Muriatic Acid Burn Injury Treatment

Fact Checked

Muriatic acid is another name for hydrochloric acid, which is a highly corrosive, poisonous liquid produced when hydrochloride, a gas, is mixed with water. It’s used in various manufacturing processes (in photograph processing and tanning leather, for example), and as a toilet bowl antiseptic, according to the Missouri Department of Health.

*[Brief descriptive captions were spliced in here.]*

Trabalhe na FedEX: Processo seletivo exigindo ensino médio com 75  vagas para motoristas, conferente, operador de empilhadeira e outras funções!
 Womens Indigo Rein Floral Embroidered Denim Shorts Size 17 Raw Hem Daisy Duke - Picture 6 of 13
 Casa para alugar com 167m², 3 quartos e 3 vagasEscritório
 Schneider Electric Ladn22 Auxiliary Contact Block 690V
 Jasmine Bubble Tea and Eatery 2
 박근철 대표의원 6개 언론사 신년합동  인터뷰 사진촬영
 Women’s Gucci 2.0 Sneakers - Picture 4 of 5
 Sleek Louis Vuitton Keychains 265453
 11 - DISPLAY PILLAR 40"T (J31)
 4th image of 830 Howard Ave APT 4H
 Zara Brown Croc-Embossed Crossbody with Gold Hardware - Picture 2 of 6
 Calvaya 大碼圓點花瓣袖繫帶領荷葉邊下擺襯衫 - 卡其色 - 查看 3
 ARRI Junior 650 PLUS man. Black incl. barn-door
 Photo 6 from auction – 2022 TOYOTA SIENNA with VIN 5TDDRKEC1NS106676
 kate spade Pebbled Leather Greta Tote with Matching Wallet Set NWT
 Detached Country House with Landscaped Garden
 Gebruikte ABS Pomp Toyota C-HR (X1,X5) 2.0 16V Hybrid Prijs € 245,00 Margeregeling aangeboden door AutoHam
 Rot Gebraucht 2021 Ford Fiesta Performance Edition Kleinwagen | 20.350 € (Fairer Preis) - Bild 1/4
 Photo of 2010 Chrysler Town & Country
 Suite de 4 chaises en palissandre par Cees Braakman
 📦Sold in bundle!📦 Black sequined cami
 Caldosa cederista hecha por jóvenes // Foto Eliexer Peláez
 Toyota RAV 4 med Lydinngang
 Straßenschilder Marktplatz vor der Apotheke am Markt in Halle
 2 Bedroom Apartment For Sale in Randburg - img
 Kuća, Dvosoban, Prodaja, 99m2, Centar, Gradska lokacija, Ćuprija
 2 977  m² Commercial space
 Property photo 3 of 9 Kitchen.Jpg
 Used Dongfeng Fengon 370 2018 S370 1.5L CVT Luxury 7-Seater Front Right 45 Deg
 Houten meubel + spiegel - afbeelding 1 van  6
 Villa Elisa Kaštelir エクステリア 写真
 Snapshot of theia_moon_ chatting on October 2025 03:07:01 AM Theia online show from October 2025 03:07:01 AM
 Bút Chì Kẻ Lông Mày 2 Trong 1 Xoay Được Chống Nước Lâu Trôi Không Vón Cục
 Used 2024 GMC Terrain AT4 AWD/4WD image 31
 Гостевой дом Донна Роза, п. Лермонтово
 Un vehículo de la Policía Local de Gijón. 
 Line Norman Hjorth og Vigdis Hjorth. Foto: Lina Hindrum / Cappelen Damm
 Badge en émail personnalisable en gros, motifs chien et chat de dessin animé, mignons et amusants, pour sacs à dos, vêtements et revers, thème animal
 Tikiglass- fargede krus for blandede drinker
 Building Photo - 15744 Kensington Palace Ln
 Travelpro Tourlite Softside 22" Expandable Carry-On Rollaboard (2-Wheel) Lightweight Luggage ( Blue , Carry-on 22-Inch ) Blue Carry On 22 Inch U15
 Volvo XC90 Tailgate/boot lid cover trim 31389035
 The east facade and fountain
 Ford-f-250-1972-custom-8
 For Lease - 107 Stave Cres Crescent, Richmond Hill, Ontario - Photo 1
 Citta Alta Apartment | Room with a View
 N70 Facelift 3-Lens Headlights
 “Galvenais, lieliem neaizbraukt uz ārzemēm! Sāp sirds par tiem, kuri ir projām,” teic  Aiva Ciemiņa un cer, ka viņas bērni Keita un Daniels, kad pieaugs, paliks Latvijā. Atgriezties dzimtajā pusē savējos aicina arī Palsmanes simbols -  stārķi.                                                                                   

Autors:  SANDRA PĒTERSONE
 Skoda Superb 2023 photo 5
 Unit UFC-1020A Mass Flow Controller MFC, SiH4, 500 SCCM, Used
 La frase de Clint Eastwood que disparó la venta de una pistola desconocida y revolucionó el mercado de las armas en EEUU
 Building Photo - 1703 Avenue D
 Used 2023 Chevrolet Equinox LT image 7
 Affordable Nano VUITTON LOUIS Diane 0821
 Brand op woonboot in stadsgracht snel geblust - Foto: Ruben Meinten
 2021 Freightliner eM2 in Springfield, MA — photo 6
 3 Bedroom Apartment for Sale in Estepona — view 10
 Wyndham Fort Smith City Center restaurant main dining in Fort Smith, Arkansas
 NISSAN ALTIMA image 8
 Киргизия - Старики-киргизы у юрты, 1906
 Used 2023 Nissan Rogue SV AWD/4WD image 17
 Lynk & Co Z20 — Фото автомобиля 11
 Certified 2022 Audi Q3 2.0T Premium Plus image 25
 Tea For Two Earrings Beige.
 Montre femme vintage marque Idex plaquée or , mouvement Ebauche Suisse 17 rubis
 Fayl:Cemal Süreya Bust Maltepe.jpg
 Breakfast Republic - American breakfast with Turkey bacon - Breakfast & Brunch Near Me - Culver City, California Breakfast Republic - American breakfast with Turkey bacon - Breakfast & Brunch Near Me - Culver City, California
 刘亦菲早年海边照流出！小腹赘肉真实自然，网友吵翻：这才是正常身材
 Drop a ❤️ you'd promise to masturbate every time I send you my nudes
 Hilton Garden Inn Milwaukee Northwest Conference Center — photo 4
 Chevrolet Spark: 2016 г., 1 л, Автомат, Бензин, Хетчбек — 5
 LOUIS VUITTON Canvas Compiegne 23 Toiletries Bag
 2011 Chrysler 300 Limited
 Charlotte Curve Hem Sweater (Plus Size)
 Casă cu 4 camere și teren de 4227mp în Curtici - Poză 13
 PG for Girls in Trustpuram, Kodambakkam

It can severely burn throat, stomach, nasal and skin tissue when inhaled, swallowed or spilled.

Skin Burns

Flush the contaminated areas with water. High concentrations of vapor or liquid can cause the skin to redden and blister. In extreme cases, it can trigger frostbite, kill tissue or deeply ulcerated burns, the North Carolina Department of Health warns. Flush affected skin with water for 15 minutes but don’t apply soap or rub it. Remove any clothing or jewelry that may have come into contact with the chemical and seek medical advice.

Eye Burns

Exposure to eyes can irritate and burn or cause swelling, tearing, blurred vision, sensitivity to light and blindness. Like skin, eyes should also be flushed with water for 15 minutes. Lift the upper and lower lids while doing so. If the victim wears contact lenses, make sure they are removed. Seek medical advice if necessary.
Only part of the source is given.